In 2024, Seattle’s Environmental Justice Fund awarded CLC a grant to support their efforts to create thriving, affordable, and green neighborhoods. The grant helped CLC continue to bring leaders together to guide their work and pay them for their time and knowledge. The Seattle Parks Foundation is CLC’s fiscal sponsor and has supported the organization for many years.
Operated by our office, Seattle created the Environmental Justice Fund in 2017 to support community projects that advance climate justice and prepare for climate change impacts. The Fund supports programs led by BIPOC, immigrants, refugees, people with low incomes, youth, and elders. These communities are hit first and worst by climate change impacts, like extreme heat, floods, and air pollution.
This story is part of a series highlighting the incredible work of community organizations supported by the Environmental Justice Fund.

CLC works to put land in community hands and provide resources to help community shape public spaces. Their collective mission is to ensure that communities of color have access to trails, green spaces, and clean outdoor air for active, healthy lifestyles for generations to come.
An example of CLC’s work in action is the Skyway Homeownership and Green Space Project in partnership with the Skyway Coalition and the Homestead Community Land Trust. “More than 50 permanently affordable homes will be developed in Skyway-West Hill for current and former Skyway residents, specifically BIPOC families,” writes reporter Jadenne Radoc Cabahug for South Seattle Emerald, another one of our Environmental Justice Fund grantees.
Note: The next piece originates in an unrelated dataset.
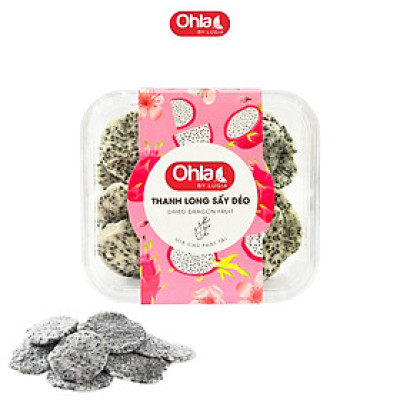 Thanh long sấy dẻo Ohla 200g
The project shows how coalitions can shape climate solutions and develop projects that meet community needs, like affordable housing, tree preservation, and climate change adaptation.
“We embrace the complexity of it all and [we] try to bring it together. The outcome is so much more durable and impactful that way,” said Sean Watts, a founding member of CLC.
“We need more Skyway projects where residents will be able to walk trails along streams and wetlands to go volunteer at their neighborhood urban farm where produce can be grown and shared,” he continued. “Where residents are funded to manage the restoration and maintenance of the green spaces that contribute to thriving habitat and, in the process, train the next generation of environmental stewards.”
Community members know best how environmental policy shapes their daily lives. In Seattle, we prioritize hearing directly from communities and empowering neighborhood leadership as we work to increase housing, green spaces, affordability, and more opportunities to thrive.
“One person sharing their success is the answer to another person’s challenge,” Sean added.